No es posible que ninguno de los ministros ilustrados posteriores a él ignorarse la tenaz y mucho más arriesgada tarea de su precursor, ni que, por supuesto, dejaran de aprovecharla. Pero como quiera que la de Macanaz hubiera sido una tarea breve y aislada, aunque intensa, y que la Inquisición castigara su arrojo y su audacia con cuarenta y cinco años de destierro, durante los cuales jamás su causa fue revisada ni examinada con un mínimo de rigor o de buena voluntad, y como quiera también que, a medida que Macanaz envejecía en el destierro, nunca dejase de clamar ni de contradecirse, en el último tercio del siglo XVIII se había convertido en un personaje confuso, incómodo y de difícil clasificación. Quienes se aprovecharon de sus incipientes conatos de reforma no se atrevieron o no tuvieron por conveniente revalorizar su figura, teñida a aquellas alturas de un cierto halo de extravagancia, y prefirieron en cambio echar mano de cuanto pudieron aprender de él, corriendo un tupido velo sobre los atropellos e injusticias que tuvo que padecer por mantener fidelidad a sus convicciones contra viento y marea. Quedó, pues, sepultada durante muchos años la biografía de nuestro hellinense bajo la hojarasca de una fama un tanto fantasmal. Esta fama nebulosa suya se ha prolongado hasta fecha muy reciente, de tal manera que, sin dejar de venir mencionado el nombre de Macanaz en las enciclopedias y en los libros de historia, iba pasando el tiempo sin que nadie emprendiera una investigación profunda para poner de relieve el alcance de sus esfuerzos y, sobre todo, para deslindar lo positivo de lo negativo, lo falso de lo verdadero y lo mítico de lo verificable.
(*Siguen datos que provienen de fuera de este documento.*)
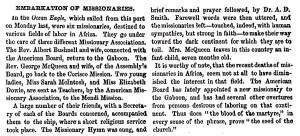 "Embarkation of Missionaries," New York Evangelist, June 10, 1858
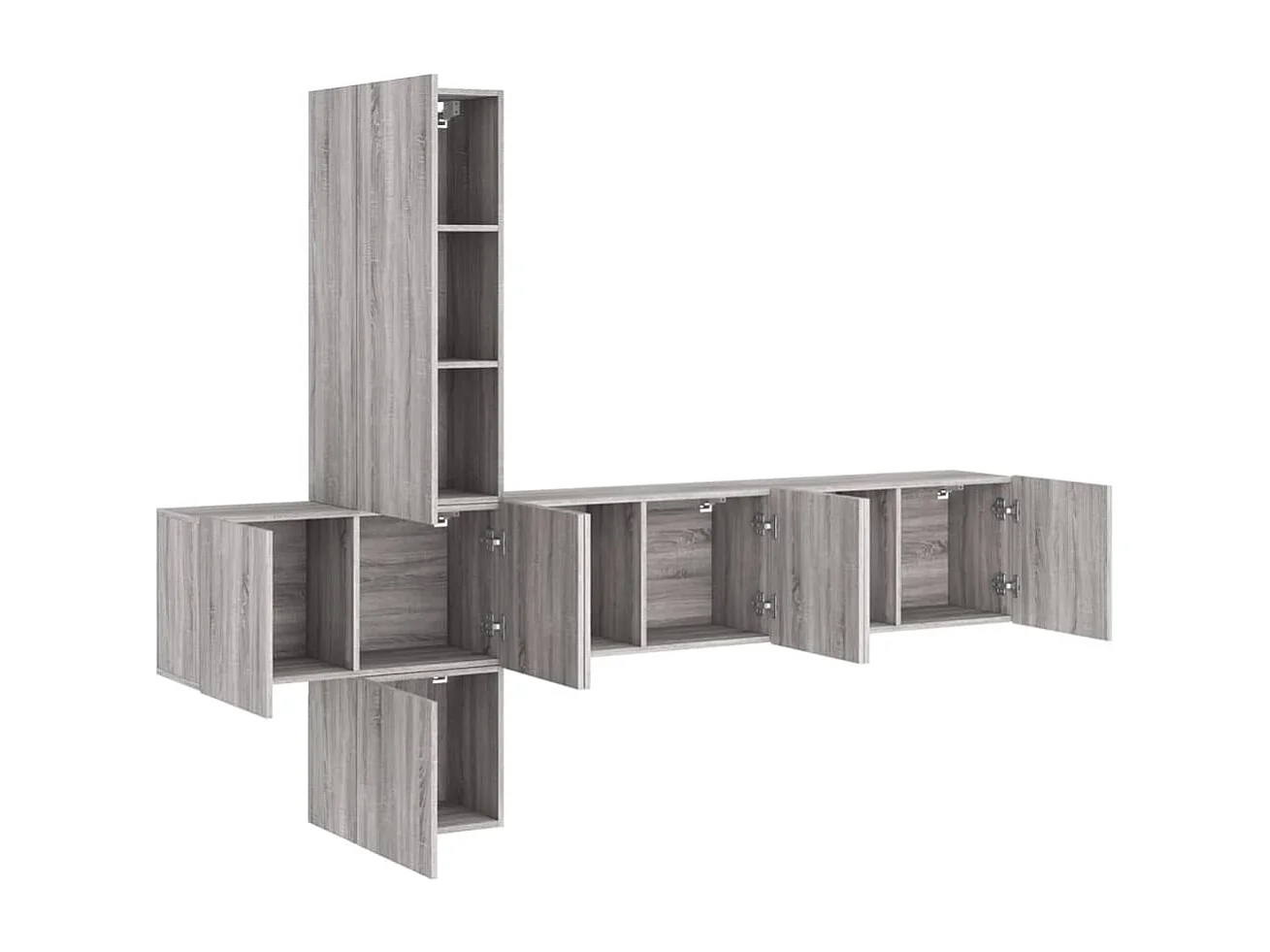 Unité murale TV 5 pc sonoma gris bois d'ingénierie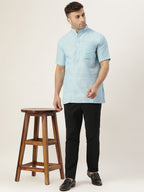 RIAG Men's Light blue Cotton Short Ethnic Kurta - Distacart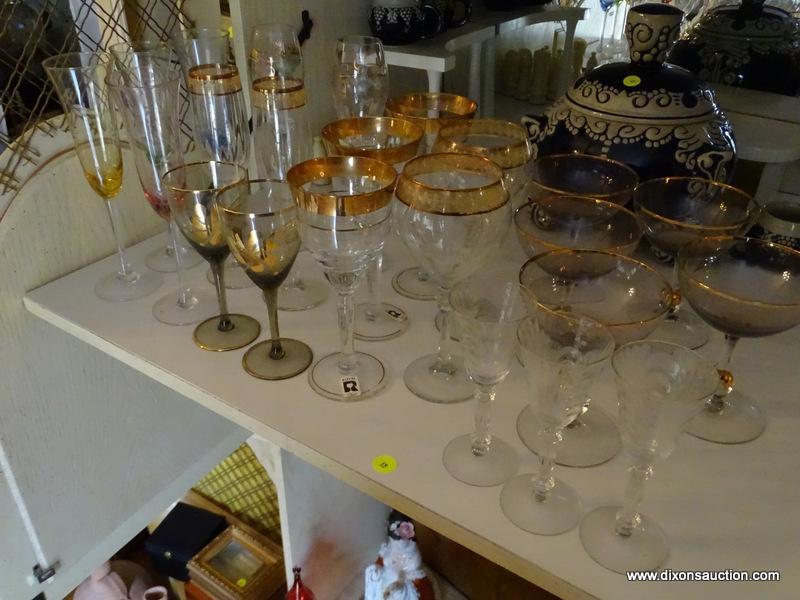 (LR) SHELF LOT OF STEMWARE; LOT CONTAINS 4 ETCHED COLORED MATCHING CHAMPAGNE FLUTES, 5 AMETHYST AND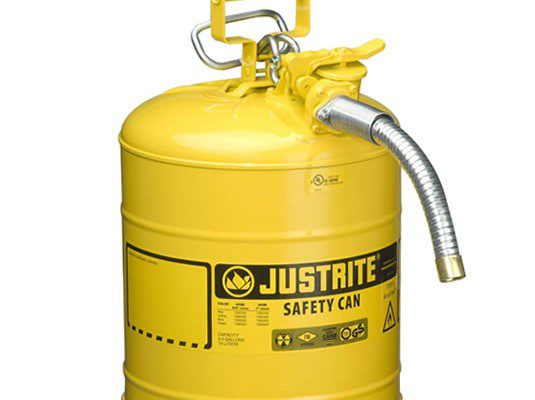 Bidones para inflamables Justrite 7250230 (Ex 10867Y/10832) de dos bocas y manguera Tipo II AccuFlow™ - 19 lts - Color amarillo para Gas Oil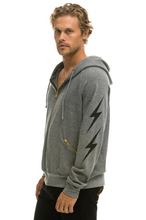 Load image into Gallery viewer, AVIATOR NATION BOLT 4 ZIP UNISEX HOODIE RELAXED WITH POCKETS - HEATHER GREY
Aunque hasta los primeros años del siglo XVIII nadie hubiera oído hablar de Macanaz, que formó parte de la primera camarilla reformista de que se rodeó el joven rey Felipe V recién llegado a España, hay que tener en cuenta que al advenimiento de este primer Borbón, Macanaz ya tenía treinta años. Es decir, había crecido y estudiado bajo el reinado del último Austria, Carlos II, y estaba imbuido de todas las carencias e hipocresías que caracterizaron los estertores de esta dinastía marchita. Los que puedan tener a Macanaz por un ilustrado puro, semejante a un Campomanes o a un Jovellanos, nunca podrán entender su personalidad. Es una figura muy representativa de la transición entre ambos siglos, del paso de la cerrazón del Antiguo Régimen a los primeros conatos de apertura del Siglo de las Luces. Estaba, pues, condenado a pagar los vidrios rotos de unas reformas que la mayoría del pueblo español, agarrado tenazmente a sus viejas rutinas, iba a tolerar de mala gana.
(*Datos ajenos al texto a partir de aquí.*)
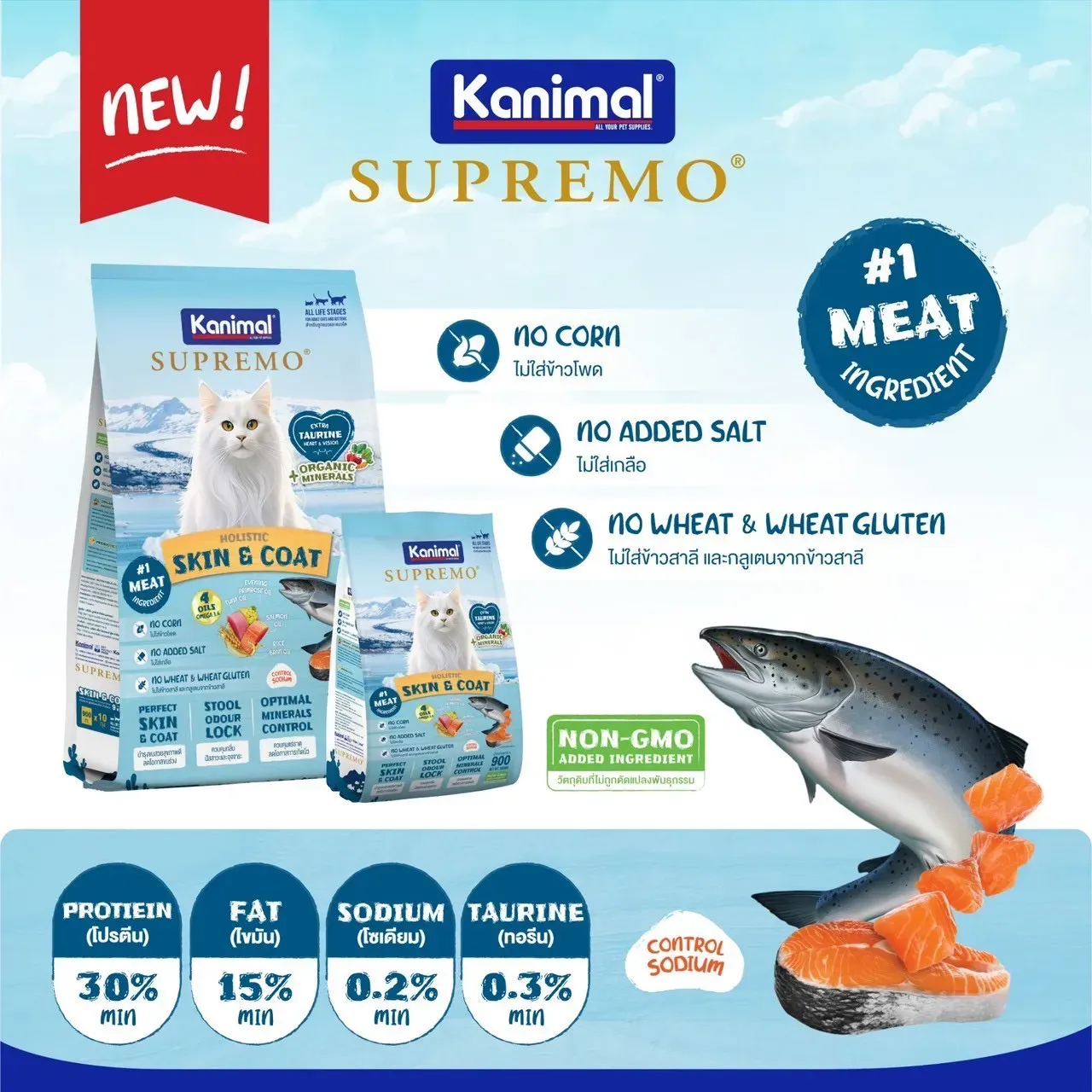 Kanimal Supremo อาหารแมว สูตร Skin & Coat บำรุงขน (1kg x 10 ถุง)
Nacido en Hellín, el 31 de enero de 1670, era hijo del Regidor perpetuo de aquella villa y sobre la familia pesaban ciertas sospechas de judaísmo. Esto puede explicar el hecho de que nunca dejara nuestro personaje de hacer gala frente a los demás de una religiosidad acendrada, totalmente en contraste con su empeño siempre latente de recortar las atribuciones excesivas del clero.
Provinciano, ambicioso y ansioso desde sus años más jóvenes de alcanzar fama y notoriedad, llegó a los veinte años a la Universidad de Salamanca para estudiar jurisprudencia, uno de los medios más consabidos, aunque difíciles, de acceder al mundo de la política. De esta época de Salamanca arranca su formación «regalista», núcleo fundamental de toda una orientación política a la que habría de guardar posteriormente fidelidad a prueba de desgracias. Los jurisconsultos llamados regalistas sostenían la autoridad real en materias económicas contra la codicia de la Curia romana, cuyas usurpaciones de la jurisdicción seglar habían llegado a ser a lo largo del siglo XVII francamente abusivas. Se trataba en definitiva de «dar a Dios lo que es de Dios y al César lo que es del César», y en este sentido ya se habían producido algunos intentos aislados de deslindar ambas competencias. Pero fueron intentos abortados por el miedo a la omnipotente Inquisición. Era un conflicto que en las postrimerías del siglo XVII no tenía salida. Solamente las directrices más valientes de los primeros consejeros franceses de Felipe V pudieron abonar el terreno para posibilitar una labor con la que ya Macanaz soñaba en sus años de estudiante: la de enfrentarse con la Inquisición y perderle el miedo.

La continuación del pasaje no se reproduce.